De son union avec Marie-Louise Henriette Marcy, mon arrière-grand-père eut quatre filles, toutes nées à Grasse : Marie Antoinette Léonie Philippine, née le 9 juillet 1902 à Grasse, mariée à M. Xavier d’Azambuja (2), agrégé d’Histoire et de Géographie, décédée sans postérité le 9 octobre 1995 à Sisteron (3) ; Yvonne Marie Henriette Amélie, née le 15 février 1904, décédée sans alliance et sans postérité le 22 janvier 1933 d’une maladie foudroyante à Grasse (4) ; Renée Olivie Charlotte Marie, née le 11 juin 1906, mariée à M. Auguste Marcy, Officier de Marine, Officier de la Légion d’Honneur, décédée sans postérité le 29 mars 1996 à
Malijai (5) ; Gabrielle Marie Joséphine Françoise, née le 23 novembre 1907 (6), mariée à M. Germain Collomb, Avocat au Barreau de Grasse, Camelot du Roi et Ligueur d’Action française (section de Marseille), dont postérité, décédée le 11 février 1993 à Antibes (7).

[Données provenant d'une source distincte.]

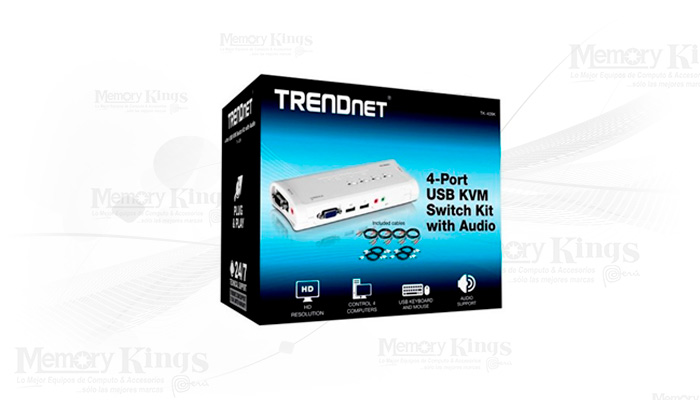 SWITCH KVM USB 4pt TRENDNET TK-409K C|Audio 4cable
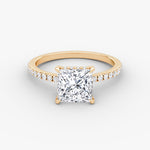 Load image into Gallery viewer, Princess Cut - Pave Band Hidden Halo - Classic Engagement Ring- 18 K Gold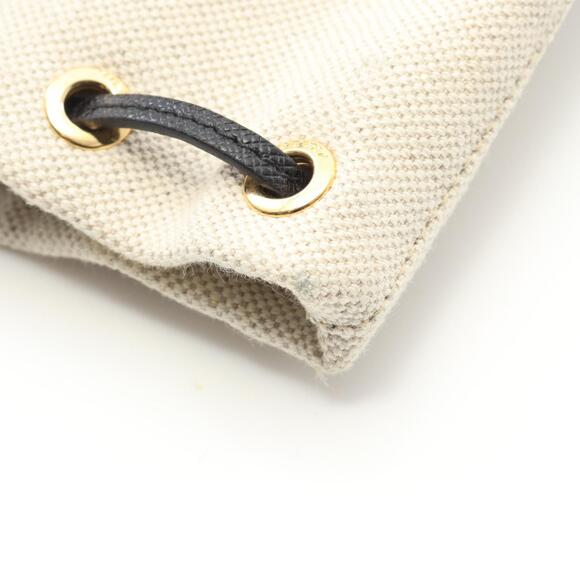 Prada Mistolino pouch bag canvas Saffiano leather Ivory White black - Picture 6 of 6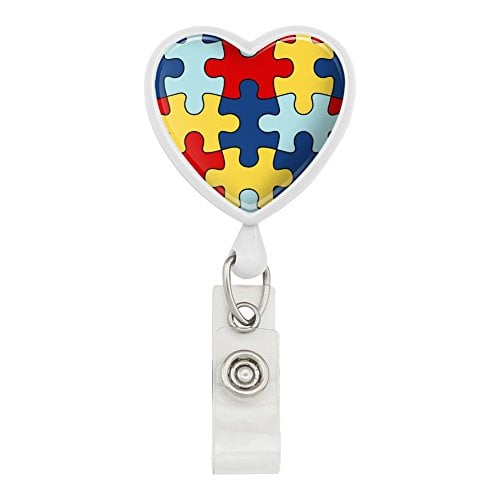 Book Cover Autism Awareness Diversity Puzzle Pieces Heart Lanyard Retractable Reel Badge ID Card Holder - White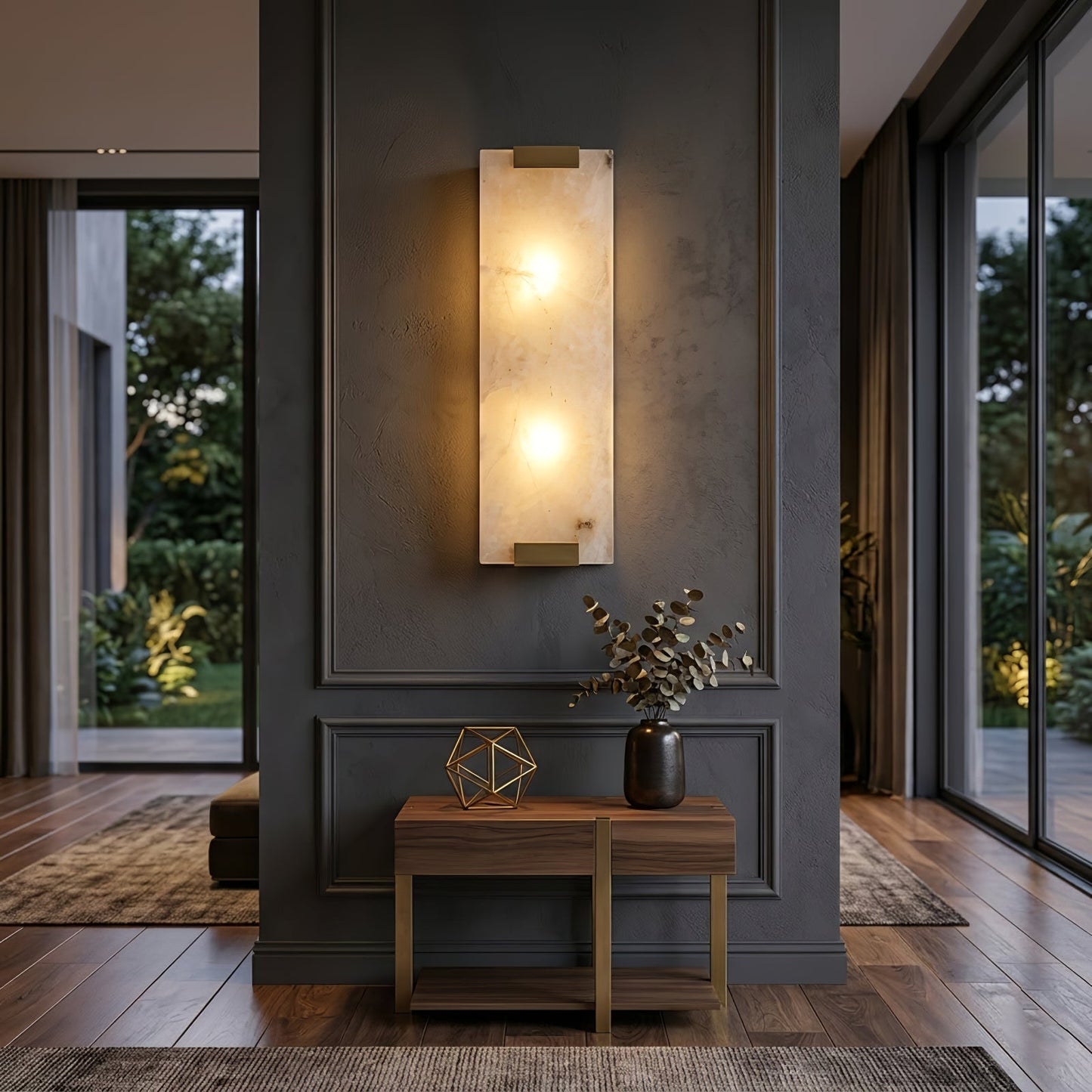 Rectangular Natural Alabaster Wall Sconce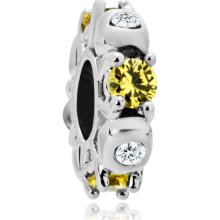 Pugster Topaz Yellow Clear White Crystal Diamond Accent Silver Bead Charm Fits Pugster Bracelet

Mon arrière-grand-père fut sans doute le plus aimant, le plus affectueux des pères. Dieu n’avait pas voulu lui donner de fils, il fut comblé par l’amour de quatre filles, assez turbulentes, mais très unies. Elles ne tardèrent pas à se faire connaître dans la bonne société grassoise qui les appela « Les quatre filles du Docteur March ». Bien que déçu, il eut encore un autre mot d’humour pour résumer sa situation : « Une fille, c’est la joie ! Deux filles, c’est le désappointement. Trois filles, c’est la catastrophe...Et quatre filles, c’est le suicide ! ».

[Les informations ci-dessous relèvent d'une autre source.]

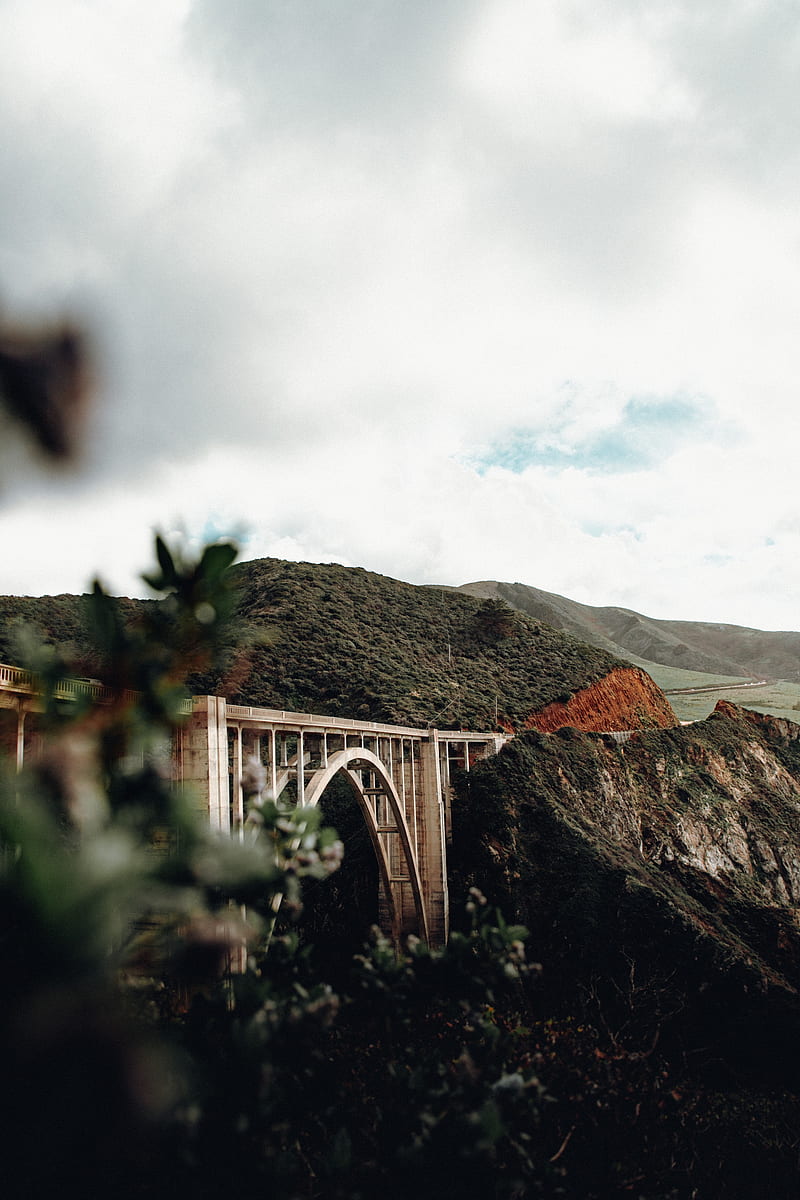 bridge, mountains, hills, nature, monterey, california, HD phone wallpaper
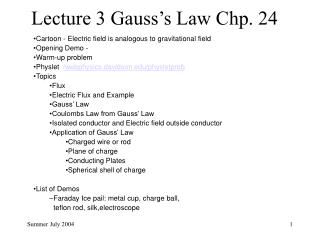 Lecture 3 Gauss’s Law Chp. 24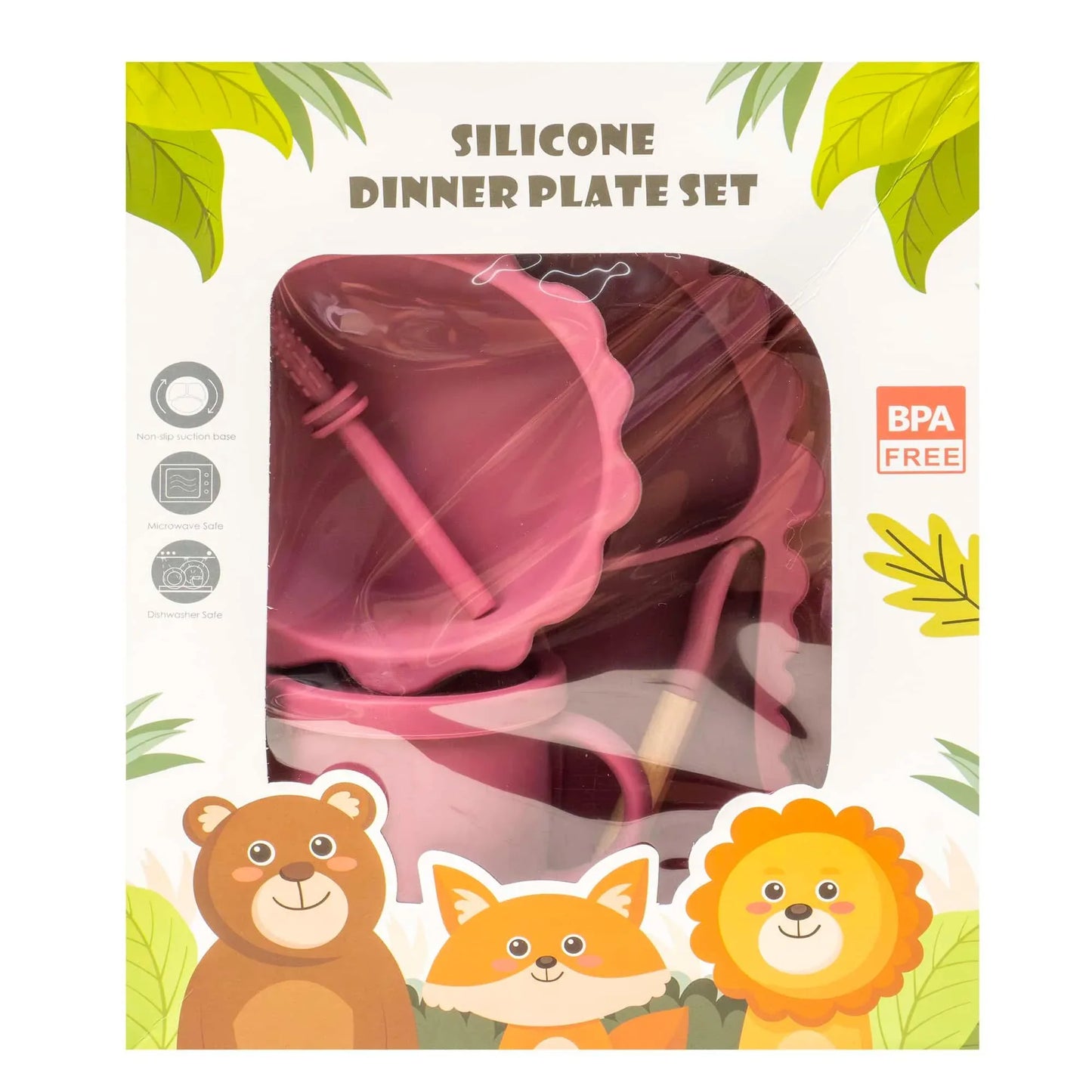 Set 6 piese pentru hranire bebelus, din silicon, model dinozaur, mov Z-TOOLS / ZTS 9096 - 221.ro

Il maria ma grand-tante au très élégant Xavier Marie Joseph d’Azambuja. Agrégé d’Histoire et de Géographie, ancien élève des Pères Jésuites, il enseigna toute sa vie dans les établissements placés sous la tutelle de la Compagnie de Jésus, notamment à Marseille au Collège-Lycée de Provence où je fis d’ailleurs toute ma scolarité secondaire, conformément aux volontés de mon père lui-même ancien élève des Pères Jésuites, avant d’y avoir enseigné pendant quelques mois pour pallier à l’absence d’une professeur ayant demandé sa mise en disponibilité pour préparer son agrégation. Ces quelques mois passèrent à la vitesse de l’éclair et nouèrent des relations de confiance solides entre certains élèves de l’époque, leurs parents, qui aujourd’hui encore m’ont conservé leur confiance et leur estime. La boucle était bouclée, je maintenais la tradition familiale et vins remplir une mission auprès de la Compagnie de Jésus et de Provence.

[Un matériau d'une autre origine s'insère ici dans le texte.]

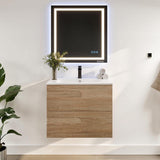 Eviva Joy 32 in. W x 18 in. D x 20.5 in. H Single Sink Floating Bath Vanity in Maple with White Porcelain Top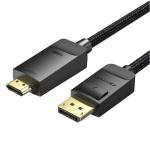Vention HFKBH 4K DisplayPort to HDMI-A Cable - 2m - Black Cotton Braided - 4K HD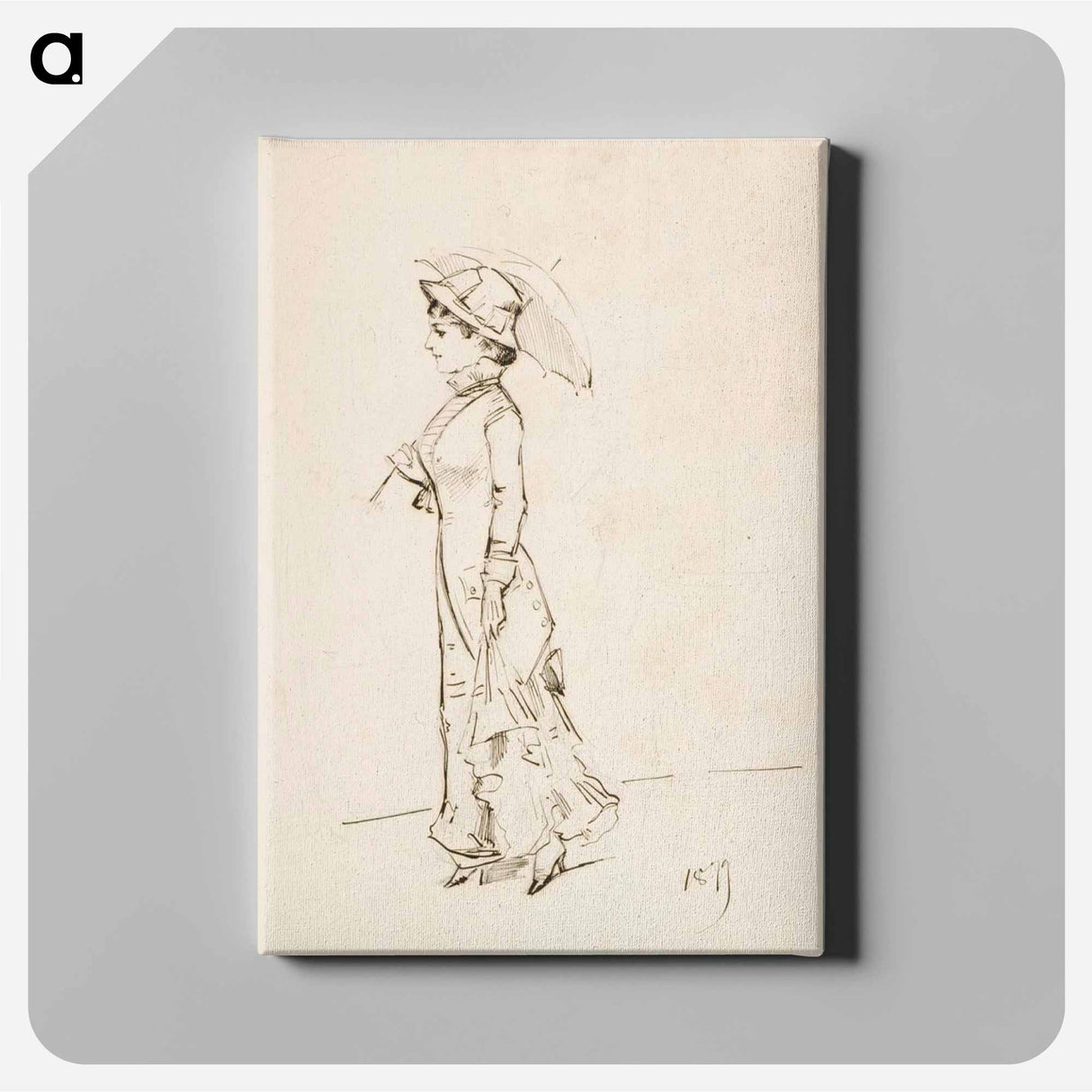 Nainen ja päivänvarjo - アルバート エーデルフェルト Canvas.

Le mariage entre M. d’Azambuja et ma Tante Marie ne porta pas de fruits, Marie en fut fort attristée, amère...Tandis que l’Oncle Xavier prit ça avec philosophie et humour ; Le marquis de Gombert ayant choisi un gendre avec autant d’humour que lui...Yvonne mourut fort jeune et laissa un immense vide dans la maison comme dans les cœurs. Je revois encore les correspondances de ma grand-mère et de mes grand-tantes parlant encore de « notre malheureuse Yvonne » plus de 40 ans après son décès...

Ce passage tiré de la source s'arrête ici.